In clear skies, pilots have spotted flashes from signal mirrors at over 100 miles. Commercially made mirrors, which have sighting holes and grids, make signaling a cinch, although it’s a good idea to carry the directions for your specific model. Improvising a reflective surface takes more practice, but you can signal with a knife blade, reflective tape, a credit card, a can lid, aluminum foil, a space blanket stretched over a green stick bent into a circle, or even a chewing-gum wrapper.

First, hold the object in one hand and point it toward the search plane, holding it close to your face or forehead. Next, stretch your other hand out in front, pointing toward the target, and focus the rays of the sun onto that hand by tilting the reflector. Finally, adjust it so that the reflection bounces just above or through a V in the fingers of your outstretched hand. Do not let your hand block the target.

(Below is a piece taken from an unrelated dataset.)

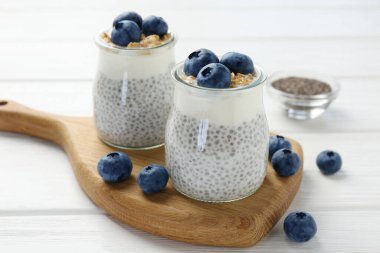 Chia tohumlu lezzetli puding, yoğurt, yaban mersini ve granola beyaz ahşap masada, yakın plan. Süper yemek.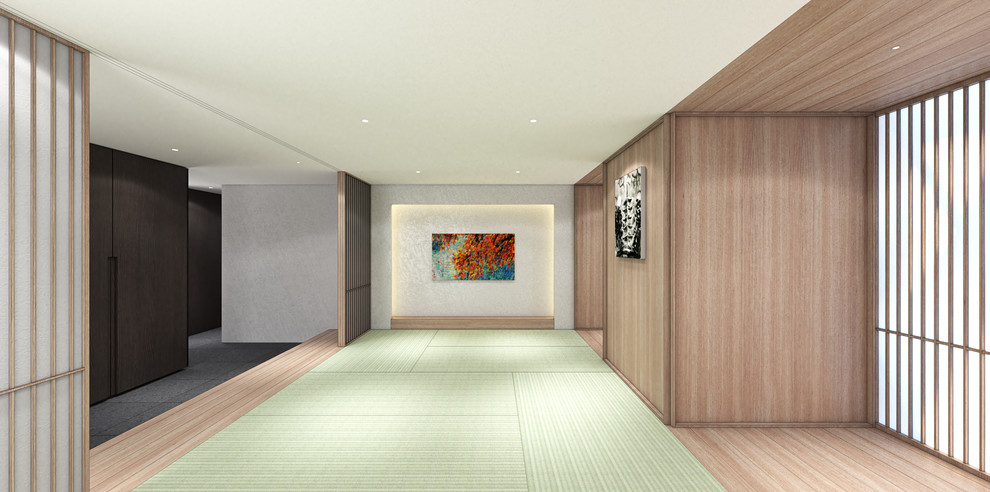 Large contemporary guest bedroom in Tokyo with white walls, tatami floors, no fireplace and green floor.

Three dots, three dashes, three dots is the formal distress signal used in Morse code. Flash it at night with a flashlight, or follow up three short whistle blasts with three longer ones and then three more short ones. You can also spell out the letters SOS on open patches of sand, rock, or snow, using stones, branches, logs, kelp, or other debris that boldly contrasts with the background. Other useful symbols include I, which means you have an injured party; and X, which means you can proceed no farther.

Three signals, whether they be gunshots, whistle blasts, or car horns, constitute a universally recognized call of distress. So do three objects arranged in a triangle pattern. Find a clearing on high ground to signal from and adapt techniques as conditions change. For example, during the day, build smudge fires by heaping green branches over the flames. At night, use dry wood for a brighter fire. The pattern of three will attract attention better than a lone fire.

Geometric shapes stand out as man-made among nature’s intricate designs. Arrange bright objects such as tarps or ponchos to form a triangle in a clearing near camp. Then, making forays of 1/4 mile or so in each direction (mark your trail so you can backtrack afterward), leave clues that you are in the vicinity by building circles, squares, or triangles out of rocks or logs. Build your signs in the open, and use somethinng that stands out from the background.

The sign for “trail closed,” used to discourage searchers from heading in the wrong direction where two or more trails may converge, is two branches crossed in an X. A single branch laid in the middle of a trail is interpreted as an arrow, with the leafy end showing direction. Secure branches with a stone to assure searchers that they were deliberately placed. These signs are important to leave if circumstances force you to abandon camp. Do anything to help your rescuers.